To achieve a simple grass color scale for the grass animation display, we focus on the grass pixel that show the grass color corresponding to a color scale of five levels with reference to the color scale of retro games. We conducted experiments with the grass color scale setting procedure in natural sunlight from 10:00 a.m. to 2:00 p.m., developing a grass pixel for our outdoor experiments. The green grass length was changed from 0.00 to 15.00 [mm], and the grass color of the grass pixel was measured at regular intervals of 0.75 [mm]. Moreover, the experiments were conducted at multiple camera positions focusing on a viewer’s height, a distance, and a horizontal angle between the viewer and the grass pixel. Through the experiments, the grass pixel possibilities of the color scale are clarified, such that the color scale corresponds to the green grass length for each camera position. In addition, we conducted experiments focusing on the repeatability and reliability of the grass pixel. In the experiments, we revealed that the grass pixel could show the same grass color to several camera positions when the same grass length was repeatedly inputted in natural sunlight from 10:00 a.m. to 2:00 p.m. After the experiments, we demonstrated several animations using the results of our grass color scale experiments.

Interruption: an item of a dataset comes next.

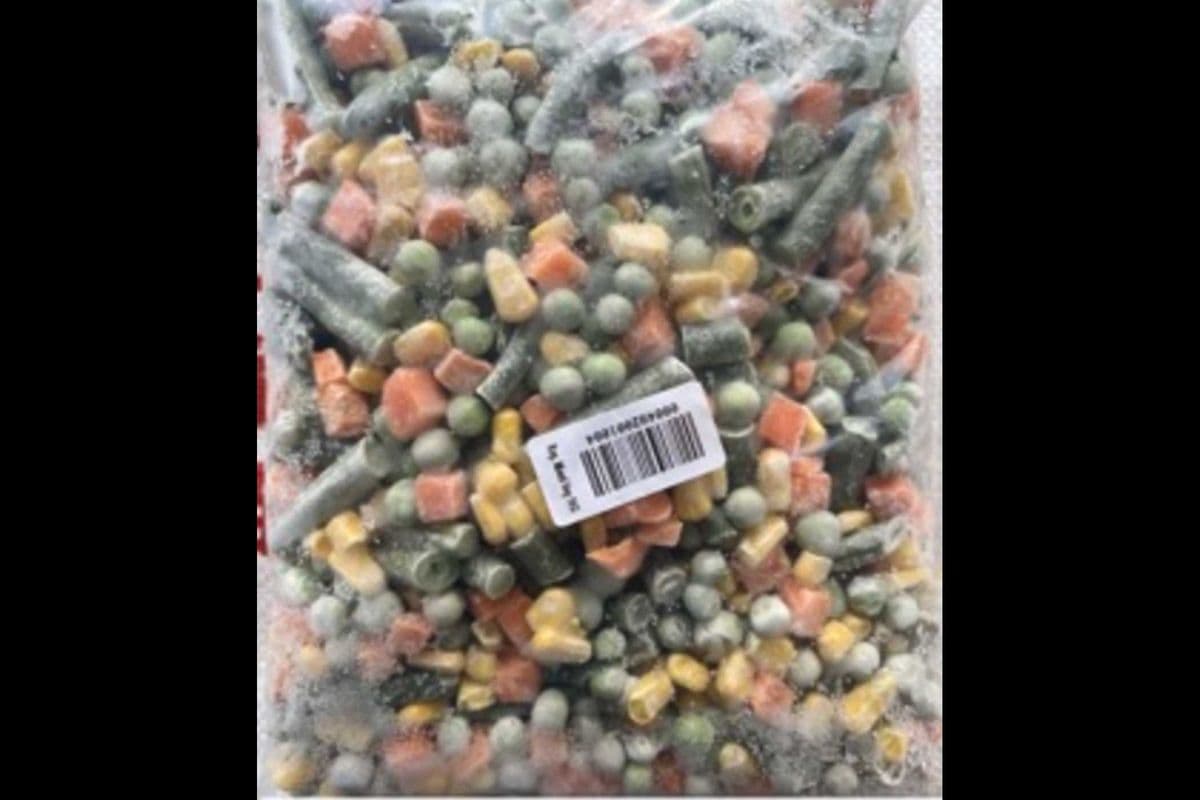 Regular Mixed Vegetable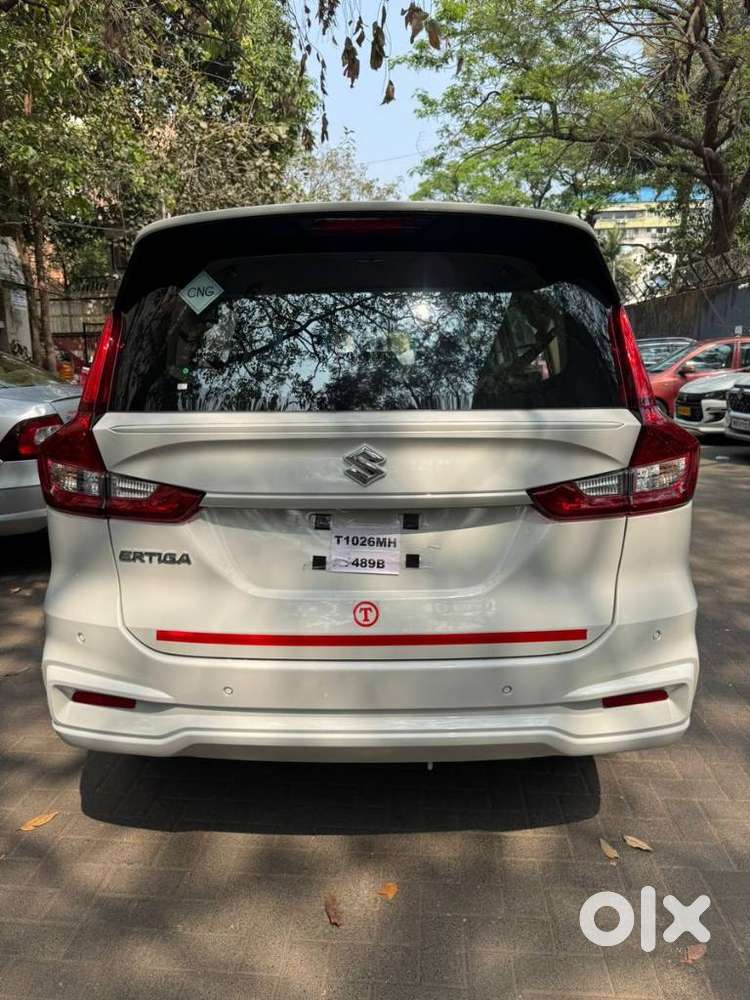 Maruti Suzuki Ertiga, 2026, Cng & Hybrids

In the demonstrations, a \(3\times 3\) pixels grass animation display is built using nine grass pixels, then, four animations are shown on the animation grass display using \(3\times 3\) pixels grayscale images with the color scale of five levels.

Results and discussion

Grass pixel design

Figure 3
figure 3

Design of grass pixel system. (a) A grass pixel is developed using a linear actuator system operated by a motor. Artificial green and yellow grass is planted on a top surface of a 3D printed pin and a surface plate, respectively. (b) The surface plate has slits to move the artificial green grass in and out of the artificial yellow grass. (c) The grass pixel displays multiple grass colors based on an area ratio of the artificial green and yellow grass through spatial additive mixing. This figure was created using Autodesk 3ds Max version 2021 (https://www.autodesk.com/products/3ds-max/features) and Serif Affinity Designer version 1.10.0 (https://affinity.serif.com/en-us/).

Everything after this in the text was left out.